» **ACTIVITY**
Excluding pictures, transcribe precisely the lines from the one containing "Women's Elegant V-Neck" to the final line of the listing below, inclusive, and nothing more.

» **DATA TO USE**
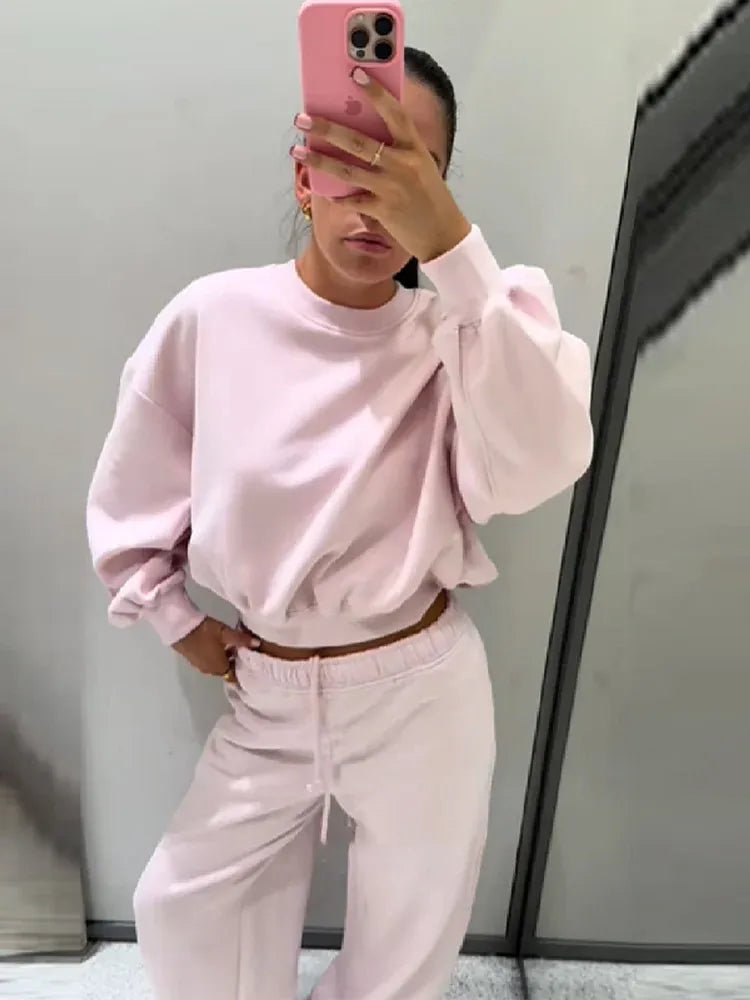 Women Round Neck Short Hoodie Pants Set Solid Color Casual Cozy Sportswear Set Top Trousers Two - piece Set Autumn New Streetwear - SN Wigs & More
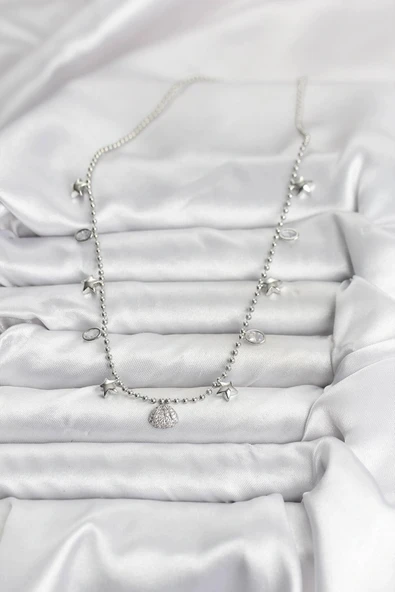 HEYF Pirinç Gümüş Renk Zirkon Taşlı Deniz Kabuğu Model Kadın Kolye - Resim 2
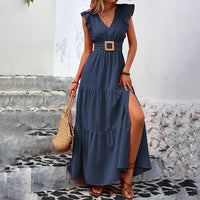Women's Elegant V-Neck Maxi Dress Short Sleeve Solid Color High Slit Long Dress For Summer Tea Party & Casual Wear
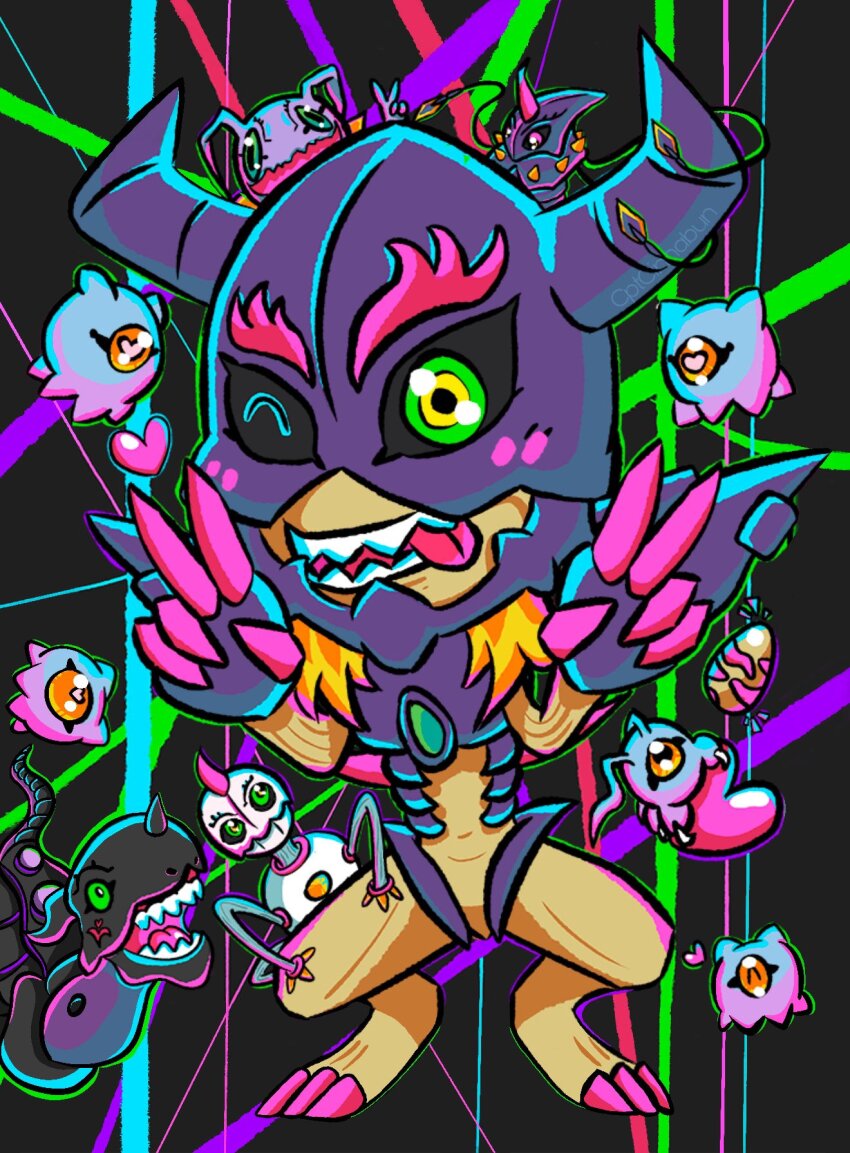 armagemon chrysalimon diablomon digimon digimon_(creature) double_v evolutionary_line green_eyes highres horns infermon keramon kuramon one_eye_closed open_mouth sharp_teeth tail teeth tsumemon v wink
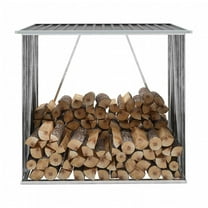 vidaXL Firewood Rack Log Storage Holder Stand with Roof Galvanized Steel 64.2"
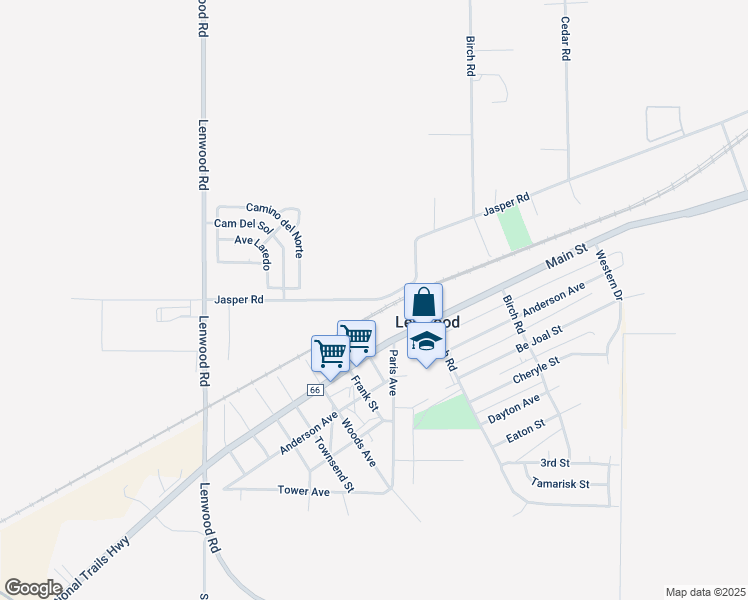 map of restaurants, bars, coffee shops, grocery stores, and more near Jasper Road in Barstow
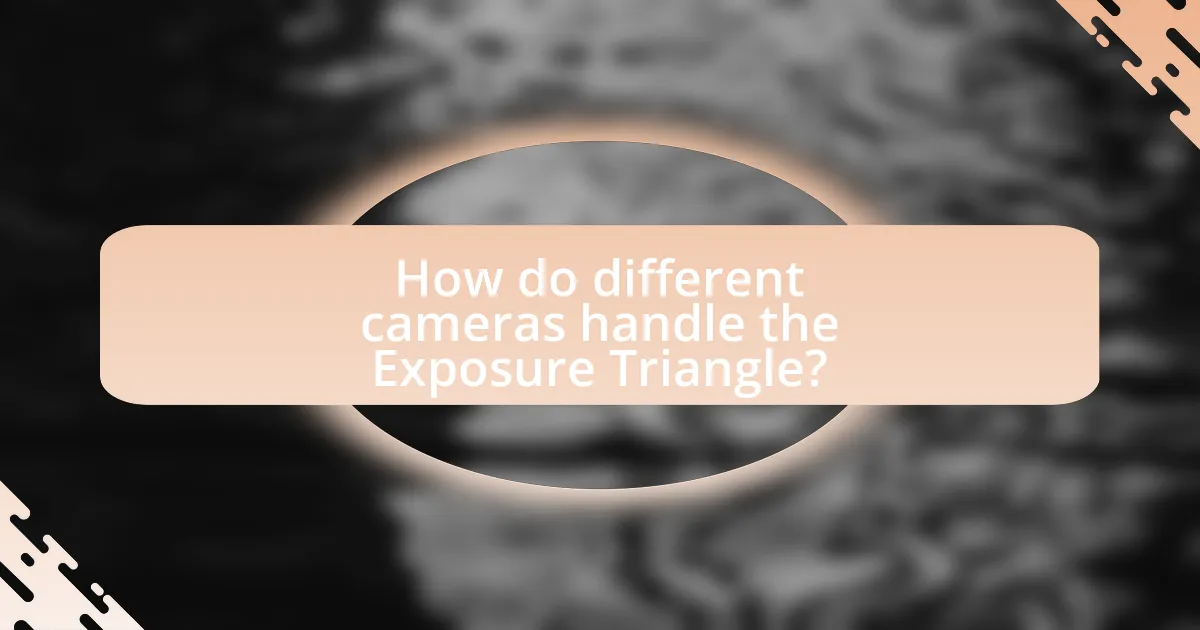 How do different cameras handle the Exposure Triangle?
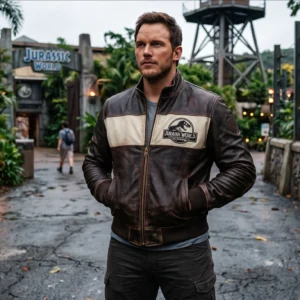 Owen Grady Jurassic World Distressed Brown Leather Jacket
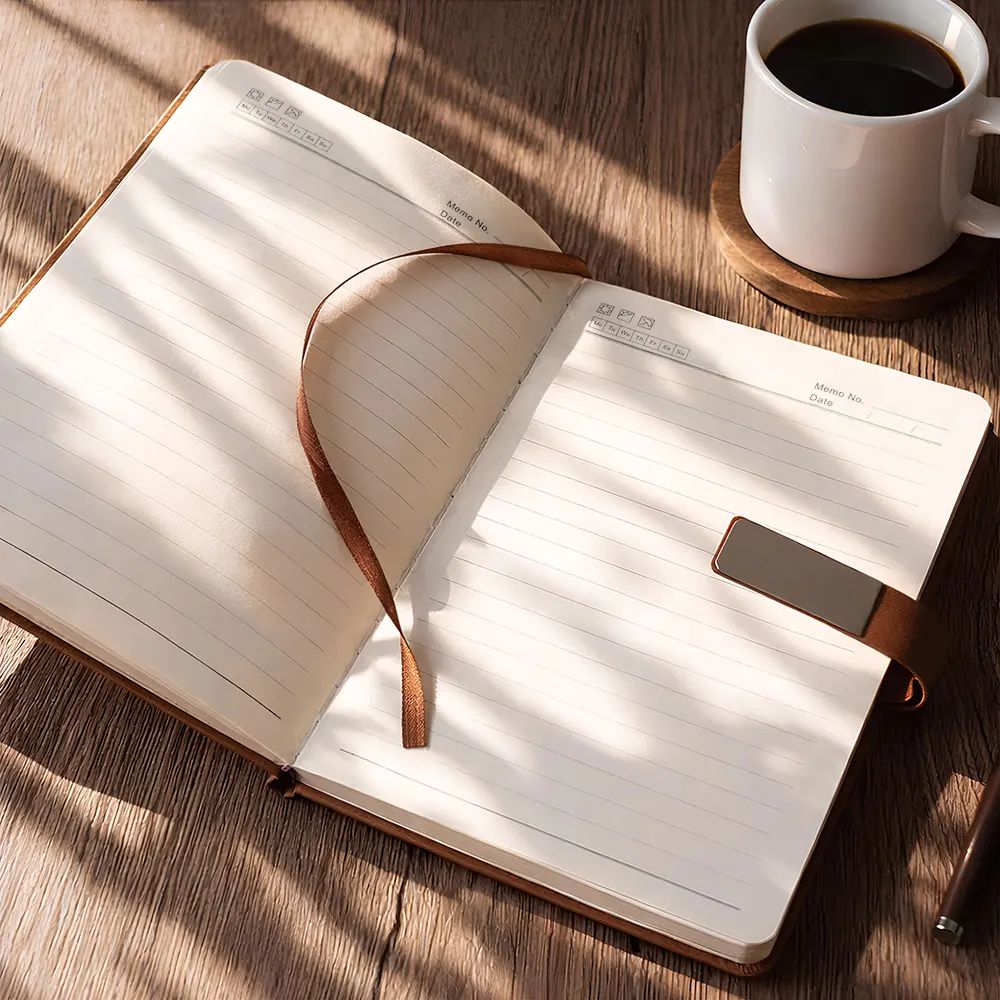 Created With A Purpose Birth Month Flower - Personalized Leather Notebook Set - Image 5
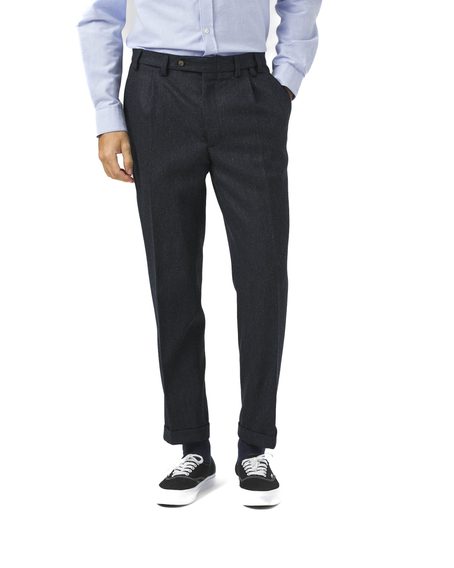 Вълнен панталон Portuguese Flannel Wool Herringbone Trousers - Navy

» **EXERCISE ANSWER**
Women's Elegant V-Neck Maxi Dress Short Sleeve Solid Color High Slit Long Dress For Summer Tea Party & Casual Wear
 armagemon chrysalimon diablomon digimon digimon_(creature) double_v evolutionary_line green_eyes highres horns infermon keramon kuramon one_eye_closed open_mouth sharp_teeth tail teeth tsumemon v wink
 vidaXL Firewood Rack Log Storage Holder Stand with Roof Galvanized Steel 64.2"
 map of restaurants, bars, coffee shops, grocery stores, and more near Jasper Road in Barstow
 How do different cameras handle the Exposure Triangle?
 Owen Grady Jurassic World Distressed Brown Leather Jacket
 Created With A Purpose Birth Month Flower - Personalized Leather Notebook Set - Image 5
 Вълнен панталон Portuguese Flannel Wool Herringbone Trousers - Navy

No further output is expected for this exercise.